I really don't have a favprite restaurant any more

On occasion we go to Xinh's Xinh's Clam and Oyster House | Xinh's Clam & Oyster House but for the most part, we enjoy staying home to eat


----------



## duckfat (Aug 7, 2008)

One favorite? No way. :lol:

Montreal- Queue de Cheval, The biggest indoor charcoal grill ever. Killer dry aged steak.

Maine- The White Barn Inn-True five star service. I also like Redds Eats for a lobstah roll in wiscasset but you have to wait in a looooooong line. It's worth it.

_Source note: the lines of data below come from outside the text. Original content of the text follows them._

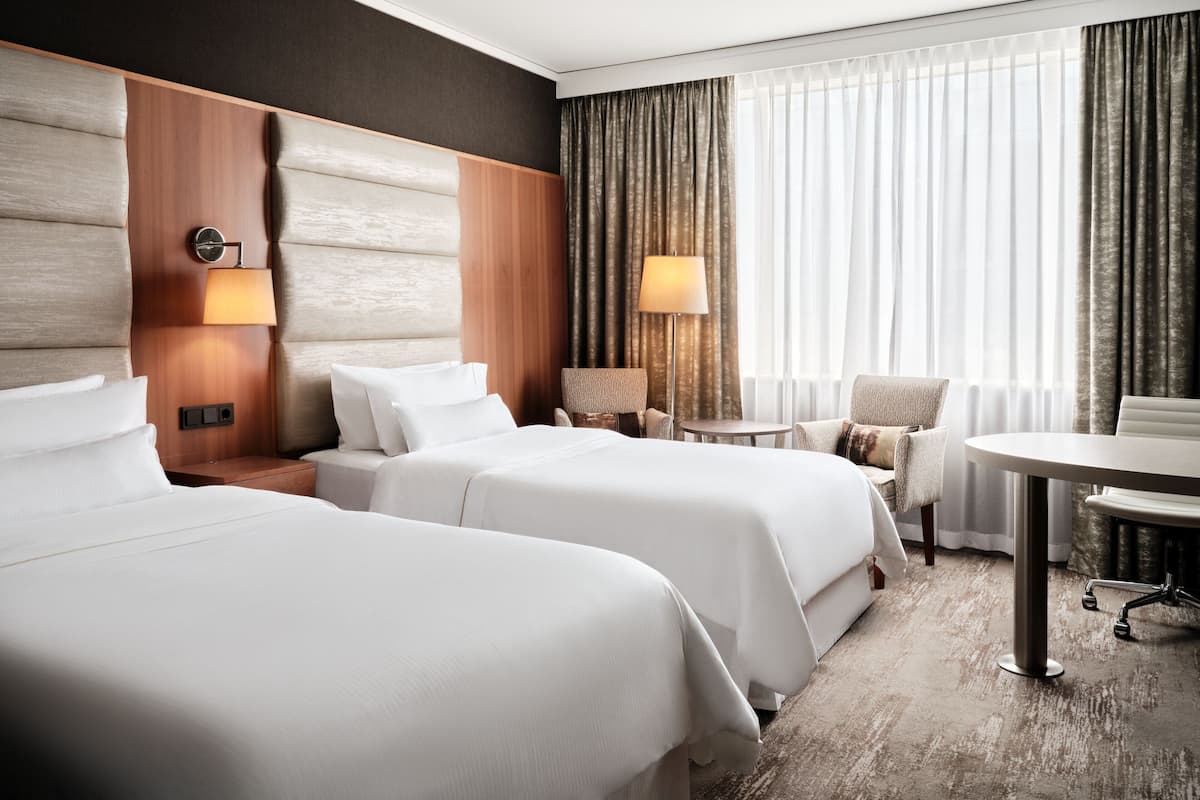 Ein Hotelzimmer mit zwei Betten, einem kleinen Tisch, einem Stuhl und einer Lampe.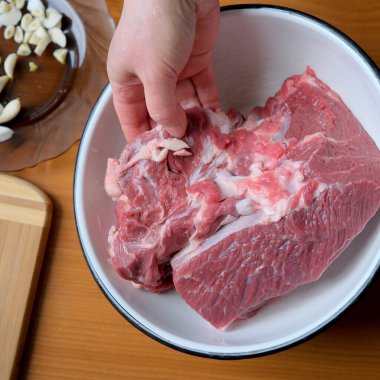 Elle bir parça çiğ eti bir kaseye koyar, pişirmeye hazırdır..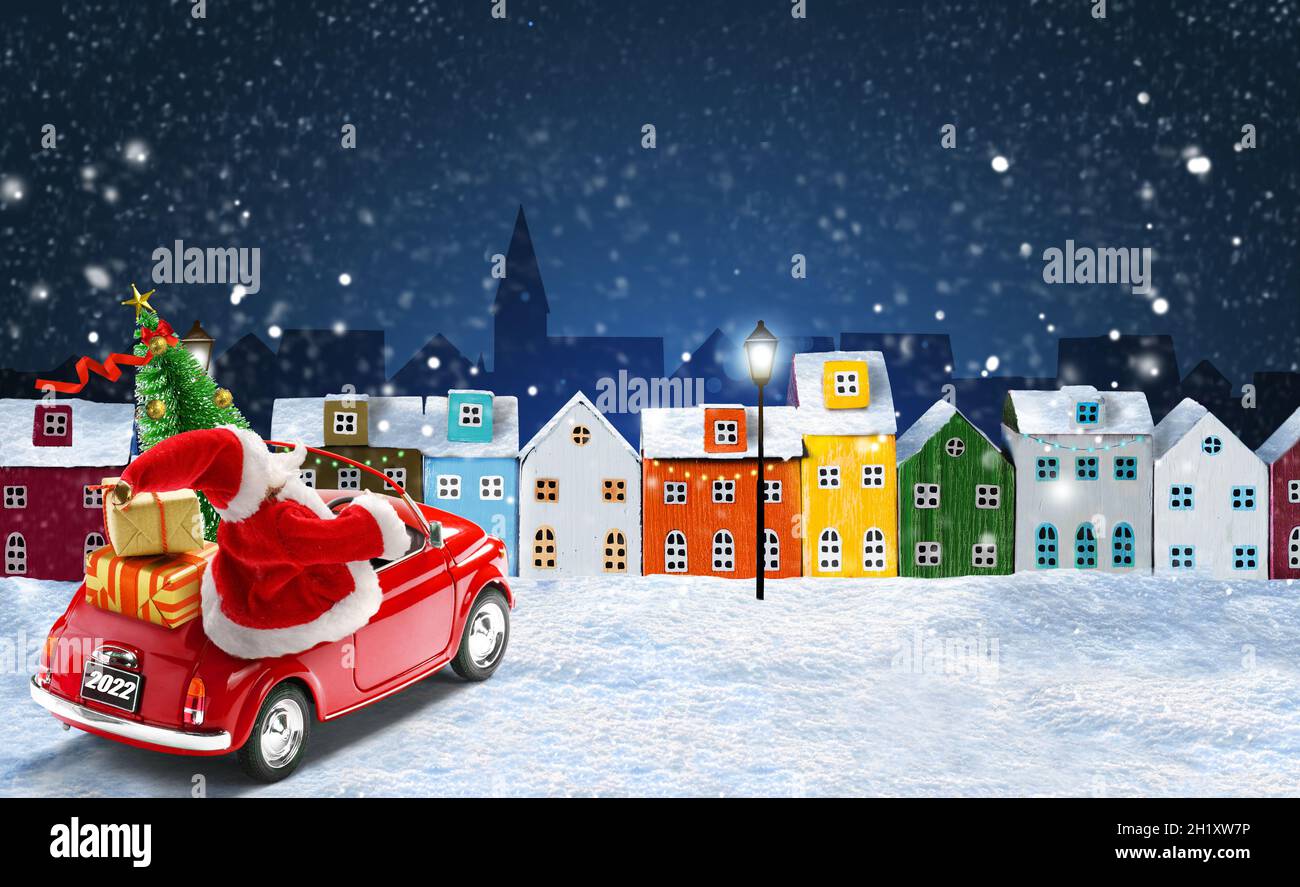 Christmas For The City 2022 Christmas 2022 Greeting Card. Santa Claus In Red Car Delivering Gift Boxes  And Christmas Tree In The Night Snowy City With Colorful Miniature Houses A  Stock Photo - Alamy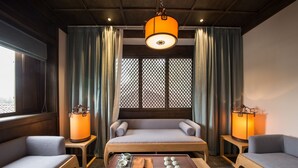 A room with a sofa, two lamps, a table with teaware, and a window with a lattice design. - Lijiang Zhuyun boutique Hotel (Lijiang)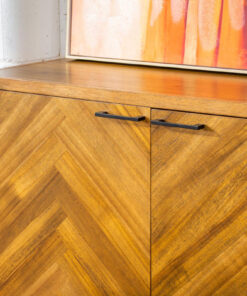 Walnut buffet with three drawers and two doors, displayed in a stylish storage space.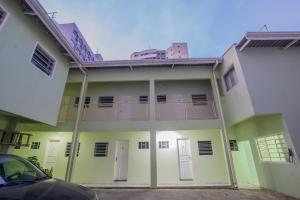 a white building with a balcony on the side of it at City Hotel, Curitiba in Curitiba +29 photos
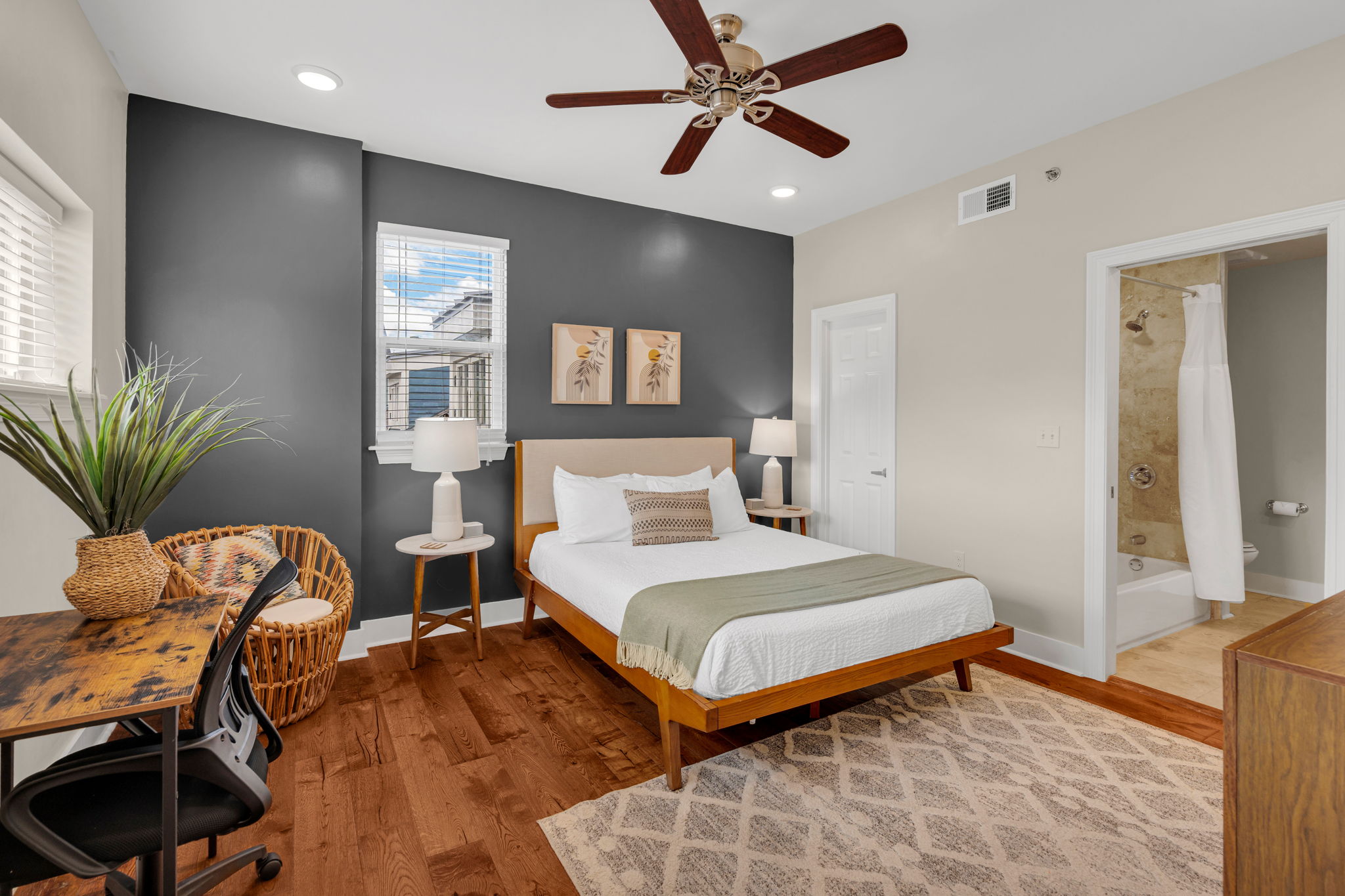 The gray-wall bedroom with the wood bed frame, ceiling fan, desk and wicker chair, and the en-suite bath in The Soul suite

Hawaii- Merrimans in Waimea. 

Vegas-Charlie Palmers Aureole

Chicago- Alinea or Frontera.

Nawhlens- Acme oyster house

Nassau- Graycliff


----------



## shroomgirl (Aug 11, 2000)

Acme is still around? wow, I used to take the street car from Broadway/St. Charles (Dominican) up to Canal to grab bienville and rockerfellers at Acme....circa 1976.


----------



## ryxin (Jan 20, 2010)

I like Restaurant Le Reve (San Antonio). It is the best restaurant for me.


----------



## ozrot (Jun 5, 2010)

Hello dear

I am India. Generally we Indian like to eat masala item. So I prefer the restaurant where I can eat a bit of masala item. When I make my own food I specially purchase the item from http://www.ozrot.co.il. This is a online facilities option and I get my all stuff from here.


----------



## mrsbushaxe (Jan 8, 2010)

Mine is The B-Spot in the Cleveland, Ohio suburbs. Burgers cooked to perfection, the best garlic & parm wings you've ever tasted, and grown up milkshakes with hand dipped ice cream and liquor. (_Vanilla Bean with Kahlua and vodka_*)*

_What's not to love about burgers and shakes?_


----------



## boar_d_laze (Feb 13, 2008)

Favorite restaurant? Depends for what. When I want a bit of masala item, I lean towards _The Great Ashoka in Artesia_ -- especially for it's goat vindaloo.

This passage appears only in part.